В частности, по вопросу о вмешательстве Франции во «внутреннее дело» защиты еврейства от притеснений и погромов в странах Восточной Европы, тот же Клемансо, ничего не сделавший для украинских евреев, выступил с громовым письмом по поводу еврейских погромов и взрывов антисемитизма в Польше. Письмо это, адресованное, насколько помнится, Падаревскому, было опубликовано в газетах, произвело огромное впечатление на польское правительство и население. Погромы в Польше прекратились, и продолжались лишь отдельные случаи издевательства над евреями в поездах, на улицах, сопровождающиеся отрезанием бороды, удалением из поездов и т. д. Письмо было написано в очень сильных выражениях, на сей раз Франция действительно являлась защитницей угнетенных и выступала с открытым забралом против несправедливости и жестоких самосудов над невинным еврейским населением. Но это было сделано лишь для Польши, Франция сознавала недопустимость погромов в стране, которой она так покровительствует. Ей необходимо было озаботиться не только о прекращении погромов в Польше, но и о спасении престижа самой Польши, как вновь нарождающегося государства, в глазах Америки, Англии и всех цивилизованных народов.

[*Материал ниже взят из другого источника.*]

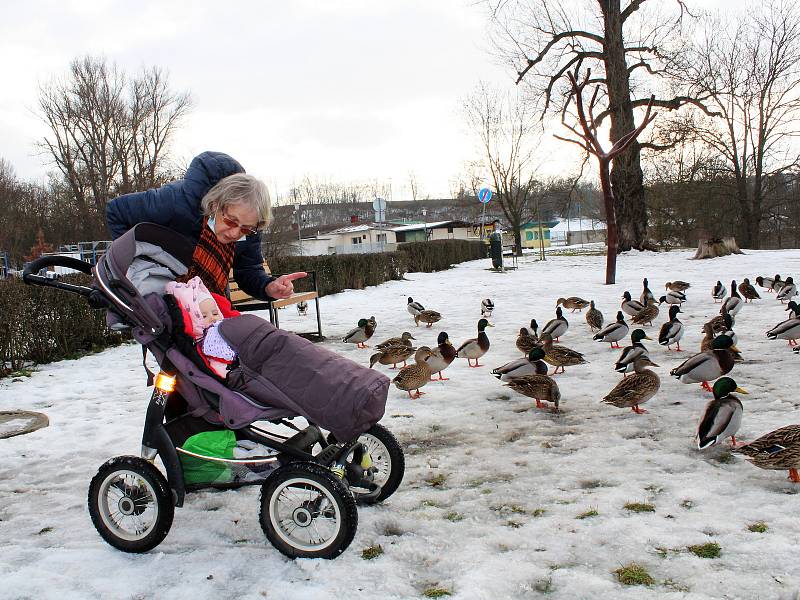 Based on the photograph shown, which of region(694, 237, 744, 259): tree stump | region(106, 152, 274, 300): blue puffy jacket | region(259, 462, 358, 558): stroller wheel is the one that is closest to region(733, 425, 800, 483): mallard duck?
region(259, 462, 358, 558): stroller wheel

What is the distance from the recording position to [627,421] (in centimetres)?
445

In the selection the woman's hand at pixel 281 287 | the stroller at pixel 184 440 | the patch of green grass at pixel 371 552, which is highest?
the woman's hand at pixel 281 287

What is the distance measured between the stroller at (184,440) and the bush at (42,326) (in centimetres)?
512

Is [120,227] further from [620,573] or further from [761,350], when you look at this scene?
[761,350]

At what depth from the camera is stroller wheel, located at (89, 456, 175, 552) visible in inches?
106

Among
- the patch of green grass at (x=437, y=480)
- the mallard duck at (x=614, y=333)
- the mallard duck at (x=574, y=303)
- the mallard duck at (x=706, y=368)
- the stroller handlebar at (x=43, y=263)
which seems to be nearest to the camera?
the stroller handlebar at (x=43, y=263)

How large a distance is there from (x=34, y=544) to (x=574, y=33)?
27685mm

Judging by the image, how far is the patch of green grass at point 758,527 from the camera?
2664 millimetres

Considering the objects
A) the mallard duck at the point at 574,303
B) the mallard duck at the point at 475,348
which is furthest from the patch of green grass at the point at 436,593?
the mallard duck at the point at 574,303

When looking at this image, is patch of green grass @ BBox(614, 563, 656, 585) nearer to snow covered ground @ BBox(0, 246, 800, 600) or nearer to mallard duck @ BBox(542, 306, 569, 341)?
snow covered ground @ BBox(0, 246, 800, 600)

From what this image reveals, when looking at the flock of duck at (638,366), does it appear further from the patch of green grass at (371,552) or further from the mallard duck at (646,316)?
the patch of green grass at (371,552)

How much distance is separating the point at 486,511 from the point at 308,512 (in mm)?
1021

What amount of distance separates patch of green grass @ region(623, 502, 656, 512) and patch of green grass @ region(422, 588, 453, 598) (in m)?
1.18

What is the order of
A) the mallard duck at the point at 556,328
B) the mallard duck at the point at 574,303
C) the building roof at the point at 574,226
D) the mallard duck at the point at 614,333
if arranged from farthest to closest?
1. the building roof at the point at 574,226
2. the mallard duck at the point at 574,303
3. the mallard duck at the point at 556,328
4. the mallard duck at the point at 614,333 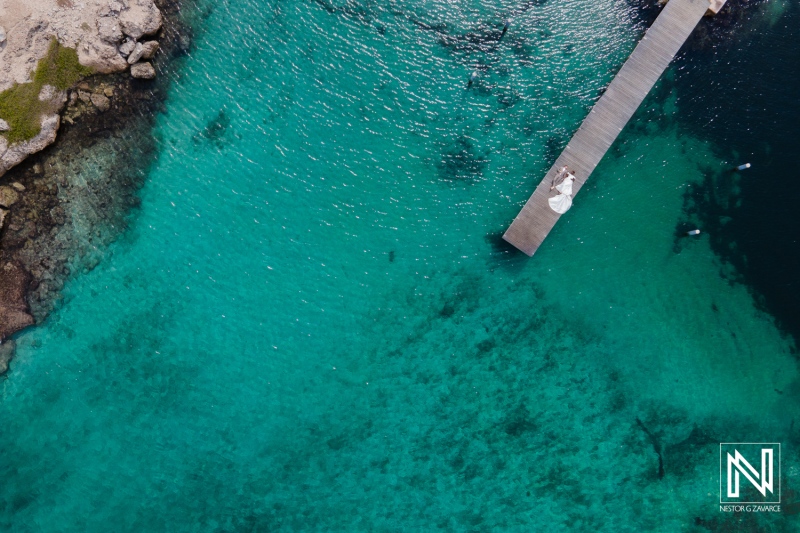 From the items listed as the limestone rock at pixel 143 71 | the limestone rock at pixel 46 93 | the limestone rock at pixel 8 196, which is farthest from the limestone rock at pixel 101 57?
the limestone rock at pixel 8 196

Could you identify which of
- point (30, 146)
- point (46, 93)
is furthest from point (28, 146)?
point (46, 93)

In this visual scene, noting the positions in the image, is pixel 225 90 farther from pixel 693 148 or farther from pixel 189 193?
pixel 693 148

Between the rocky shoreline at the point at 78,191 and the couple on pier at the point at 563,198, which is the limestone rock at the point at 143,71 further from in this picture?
the couple on pier at the point at 563,198

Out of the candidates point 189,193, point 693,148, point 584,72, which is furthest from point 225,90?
point 693,148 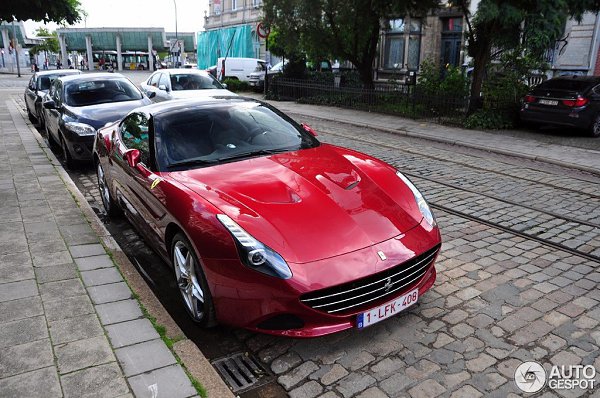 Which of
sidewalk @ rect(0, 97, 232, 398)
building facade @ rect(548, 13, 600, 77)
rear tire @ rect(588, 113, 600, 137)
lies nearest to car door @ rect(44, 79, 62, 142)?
sidewalk @ rect(0, 97, 232, 398)

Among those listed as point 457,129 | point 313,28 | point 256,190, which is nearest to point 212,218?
point 256,190

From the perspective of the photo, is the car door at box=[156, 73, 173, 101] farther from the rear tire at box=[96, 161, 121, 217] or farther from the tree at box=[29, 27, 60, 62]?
the tree at box=[29, 27, 60, 62]

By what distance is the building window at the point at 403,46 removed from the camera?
2780 centimetres

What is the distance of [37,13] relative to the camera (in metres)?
11.8

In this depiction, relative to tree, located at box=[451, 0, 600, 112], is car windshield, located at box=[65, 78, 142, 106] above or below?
below

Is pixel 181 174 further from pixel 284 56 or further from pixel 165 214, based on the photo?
pixel 284 56

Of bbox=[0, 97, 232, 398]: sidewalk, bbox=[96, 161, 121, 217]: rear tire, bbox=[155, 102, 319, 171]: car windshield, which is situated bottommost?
bbox=[0, 97, 232, 398]: sidewalk

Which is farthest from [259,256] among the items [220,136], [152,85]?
[152,85]

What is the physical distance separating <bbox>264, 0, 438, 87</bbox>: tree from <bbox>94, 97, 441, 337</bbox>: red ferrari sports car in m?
14.5

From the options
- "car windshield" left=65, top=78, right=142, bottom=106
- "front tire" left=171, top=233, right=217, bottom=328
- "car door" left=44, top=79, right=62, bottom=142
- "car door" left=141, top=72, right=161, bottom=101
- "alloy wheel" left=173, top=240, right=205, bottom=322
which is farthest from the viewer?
"car door" left=141, top=72, right=161, bottom=101

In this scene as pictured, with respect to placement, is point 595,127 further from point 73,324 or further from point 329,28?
point 73,324

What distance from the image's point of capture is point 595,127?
11844 millimetres

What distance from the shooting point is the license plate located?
2.97 metres

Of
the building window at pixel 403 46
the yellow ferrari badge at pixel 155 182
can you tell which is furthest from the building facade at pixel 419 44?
the yellow ferrari badge at pixel 155 182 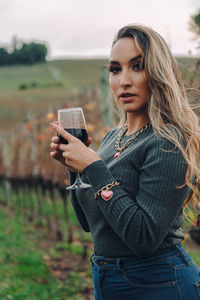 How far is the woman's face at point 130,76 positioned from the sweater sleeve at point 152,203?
0.89ft

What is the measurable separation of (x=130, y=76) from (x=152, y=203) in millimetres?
582

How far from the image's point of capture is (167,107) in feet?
5.31

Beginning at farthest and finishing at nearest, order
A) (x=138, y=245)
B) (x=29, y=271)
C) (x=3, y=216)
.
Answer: (x=3, y=216)
(x=29, y=271)
(x=138, y=245)

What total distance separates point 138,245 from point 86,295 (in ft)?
12.7

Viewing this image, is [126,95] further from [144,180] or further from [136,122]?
[144,180]

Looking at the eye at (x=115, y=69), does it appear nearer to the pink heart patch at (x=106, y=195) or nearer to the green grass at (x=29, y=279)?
the pink heart patch at (x=106, y=195)

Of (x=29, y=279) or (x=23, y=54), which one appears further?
(x=23, y=54)

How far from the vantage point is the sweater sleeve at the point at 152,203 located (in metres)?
1.41

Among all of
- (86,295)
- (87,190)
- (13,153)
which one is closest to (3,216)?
(13,153)

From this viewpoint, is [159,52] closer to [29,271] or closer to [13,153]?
[29,271]

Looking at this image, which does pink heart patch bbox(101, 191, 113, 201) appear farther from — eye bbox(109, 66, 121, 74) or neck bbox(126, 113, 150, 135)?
eye bbox(109, 66, 121, 74)

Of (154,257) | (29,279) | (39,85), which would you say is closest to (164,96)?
(154,257)

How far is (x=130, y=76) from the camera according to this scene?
1647 mm

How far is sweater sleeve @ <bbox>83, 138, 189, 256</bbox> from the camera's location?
1413 millimetres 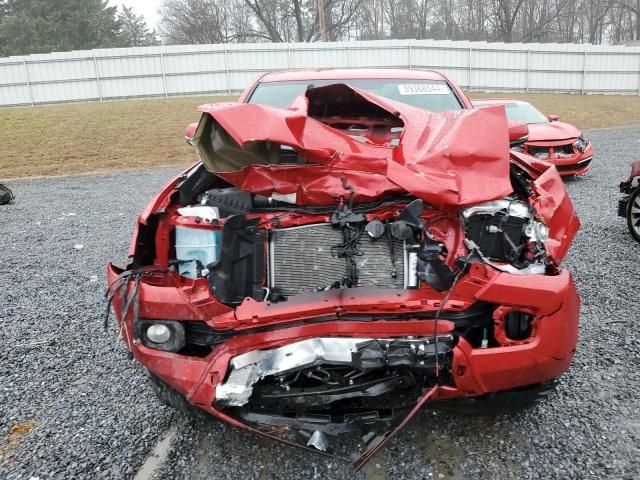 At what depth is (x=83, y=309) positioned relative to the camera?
4.00 metres

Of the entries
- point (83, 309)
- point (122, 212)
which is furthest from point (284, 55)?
point (83, 309)

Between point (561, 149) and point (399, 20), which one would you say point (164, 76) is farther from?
point (399, 20)

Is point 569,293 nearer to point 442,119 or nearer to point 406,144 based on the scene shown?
point 406,144

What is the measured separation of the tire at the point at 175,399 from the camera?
221 cm

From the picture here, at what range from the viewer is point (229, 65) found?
63.0 ft

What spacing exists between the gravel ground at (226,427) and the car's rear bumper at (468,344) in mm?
376

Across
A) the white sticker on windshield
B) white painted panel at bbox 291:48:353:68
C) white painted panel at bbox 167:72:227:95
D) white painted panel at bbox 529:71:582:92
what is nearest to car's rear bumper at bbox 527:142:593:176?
the white sticker on windshield

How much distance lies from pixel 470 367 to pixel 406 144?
1166mm

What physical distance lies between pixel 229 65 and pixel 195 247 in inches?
719

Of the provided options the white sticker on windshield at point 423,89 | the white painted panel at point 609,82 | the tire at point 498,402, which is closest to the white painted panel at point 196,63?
the white painted panel at point 609,82

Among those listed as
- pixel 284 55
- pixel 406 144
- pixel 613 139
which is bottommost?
pixel 613 139

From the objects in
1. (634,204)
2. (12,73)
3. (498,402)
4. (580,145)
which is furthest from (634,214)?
(12,73)

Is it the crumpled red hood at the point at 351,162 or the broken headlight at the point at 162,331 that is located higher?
the crumpled red hood at the point at 351,162

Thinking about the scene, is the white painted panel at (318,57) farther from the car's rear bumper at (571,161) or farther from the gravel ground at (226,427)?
the gravel ground at (226,427) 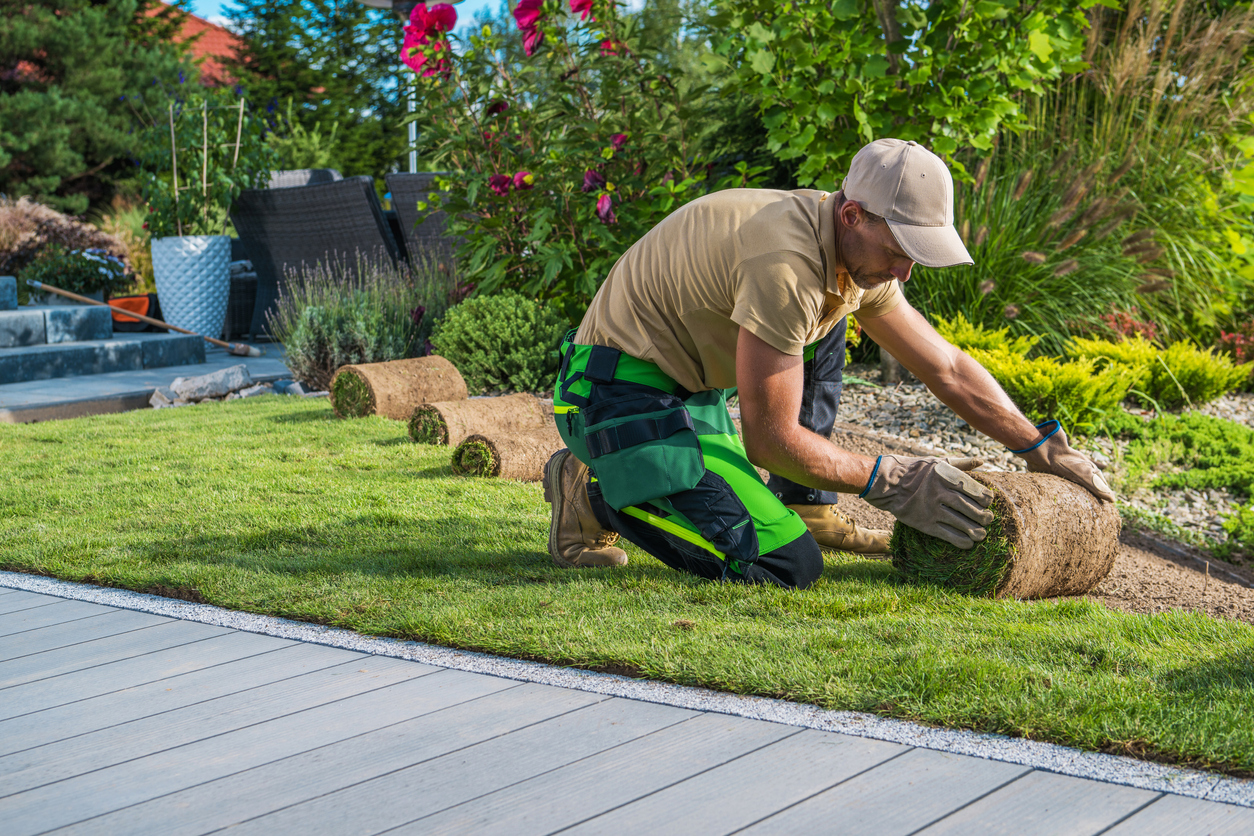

Тени убитых и умученных евреев на Украине и стоны живых уцелевших, их страхи за ближайшее будущее так и не вызвали такого же вмешательства Клемансо либо его сотрудников по Конференции мира в защиту еврейства на Украине… Во внутренние дела Украины они так-таки и не пожелали вмешиваться…
В «русском отделе» французского Министерства иностранных дел явно ощущалось тяготение к старой ориентации Франции на единую и сильную Россию. Пишон, Бертело и Камерер находились в то время под сильным влиянием той доминирующей мысли, что Россия в конце концов непременно восстановится, что если даже предприятия Колчака, Деникина и Юденича не приведут к такому результату, то это случится позже «чисто стихийным путем». С одной стороны, чувство долга к бывшей союзнице, столь содействовавшей в начале войны спасению Парижа, с другой стороны, чувство страха пред такой стихийной возможностью восстановления России удерживали министерство от выявления сочувствия полному осуществлению права народов России на самоопределение. Пишон и его сотрудники находились в то время под влиянием кругов Сазонова, а также Маклакова. И они говорили вслед за ними о создании единой России «с автономиями для народностей». Они видели по-прежнему в такой будущей физически мощной России свой оплот на Востоке против Германии.
Относясь скептически к боевым способностям Деникина и весьма раздраженные тем, что этот генерал считался все время с одной лишь Англией, как главной его покровительницей, министерские круги[11] все же настоятельно рекомендовали нам путь соглашения с армией и правительством Деникина. Они указывали нам, что сила Деникина заключается в упорной поддержке со стороны Англии, и верили в возможность его конечного успеха при помощи английских танков и пушек.
Эта ориентация Министерства иностранных дел на Россию не разделялась, однако, некоторыми влиятельными военными и общественными кругами Франции.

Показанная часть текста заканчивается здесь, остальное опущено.